** WORK REQUEST **
Pictures are not part of the copy. Reproduce all the records exactly.

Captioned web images
==================================================

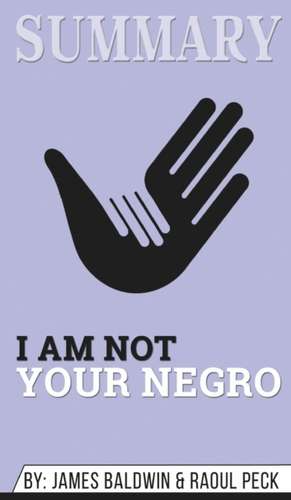 Summary of I Am Not Your Negro de Abbey Beathan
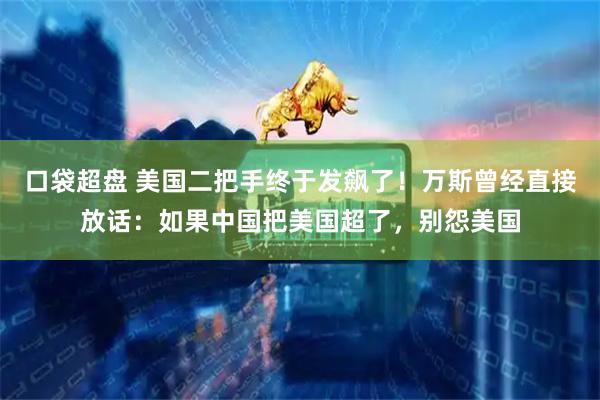 口袋超盘 美国二把手终于发飙了！万斯曾经直接放话：如果中国把美国超了，别怨美国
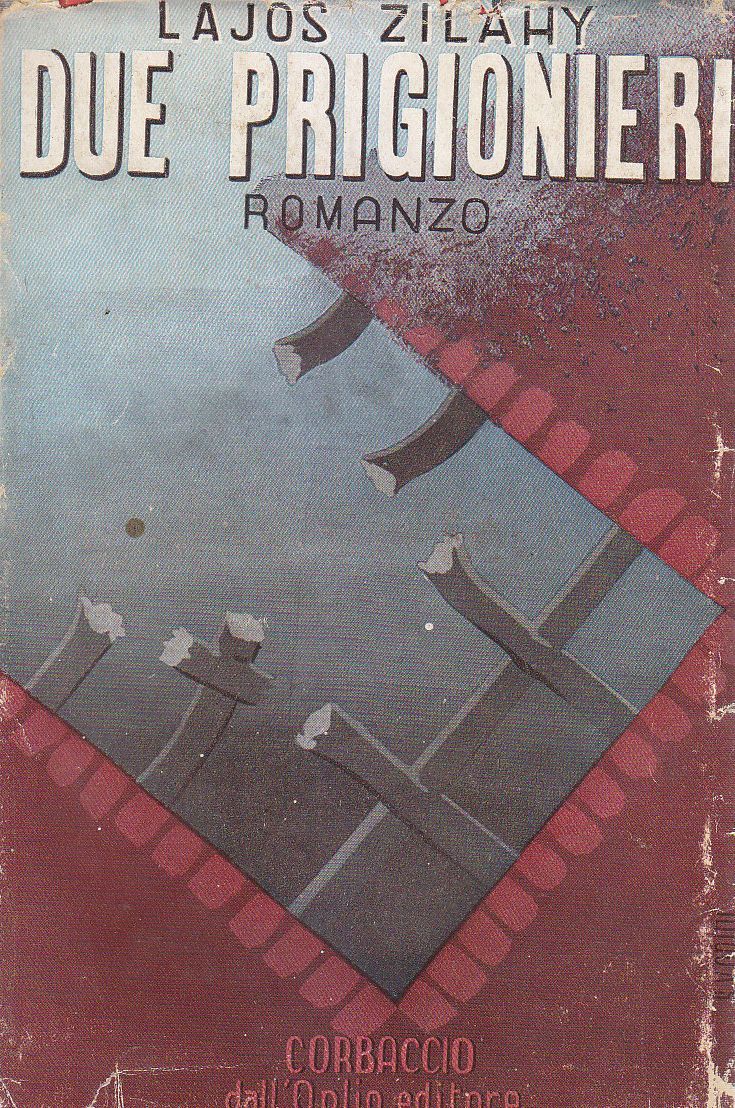 DUE PRIGIONIERI Romanzo di Lajos Zilahy 1939 Corbaccio Editore libro …
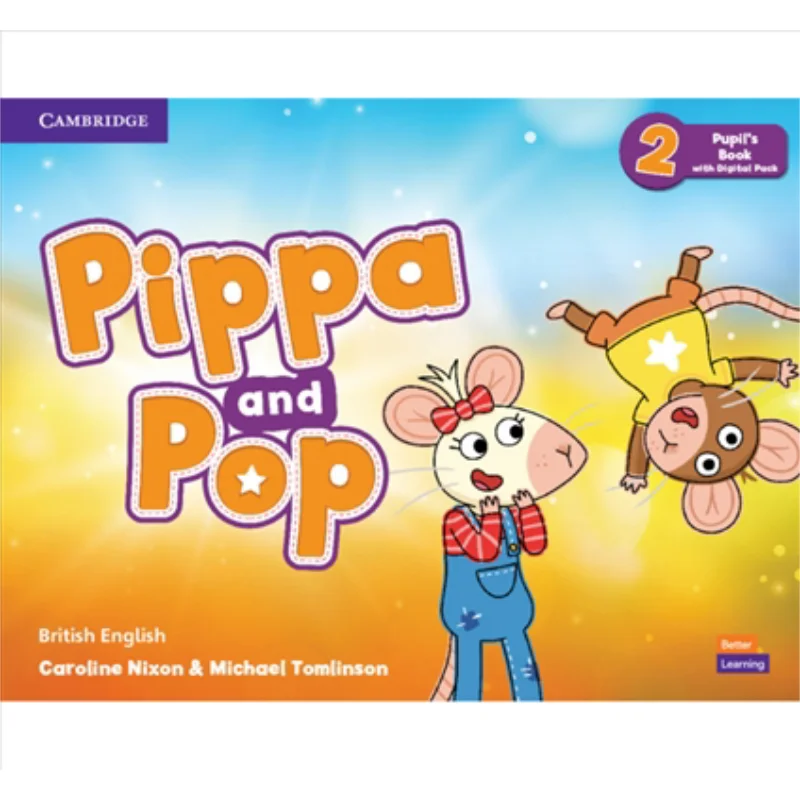 Pippa And Pop Level 2 Pupils Book With Digital Pack British English Caroline NixonandMichael Tomlinson 9781108928403
Pippa And Pop Level 2 Pupils Book With Digital Pack British English Caroline NixonandMichael Tomlinson 9781108928403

==================================================

** SOLUTION **
 Summary of I Am Not Your Negro de Abbey Beathan
 口袋超盘 美国二把手终于发飙了！万斯曾经直接放话：如果中国把美国超了，别怨美国
 DUE PRIGIONIERI Romanzo di Lajos Zilahy 1939 Corbaccio Editore libro …
 Pippa And Pop Level 2 Pupils Book With Digital Pack British English Caroline NixonandMichael Tomlinson 9781108928403
Pippa And Pop Level 2 Pupils Book With Digital Pack British English Caroline NixonandMichael Tomlinson 9781108928403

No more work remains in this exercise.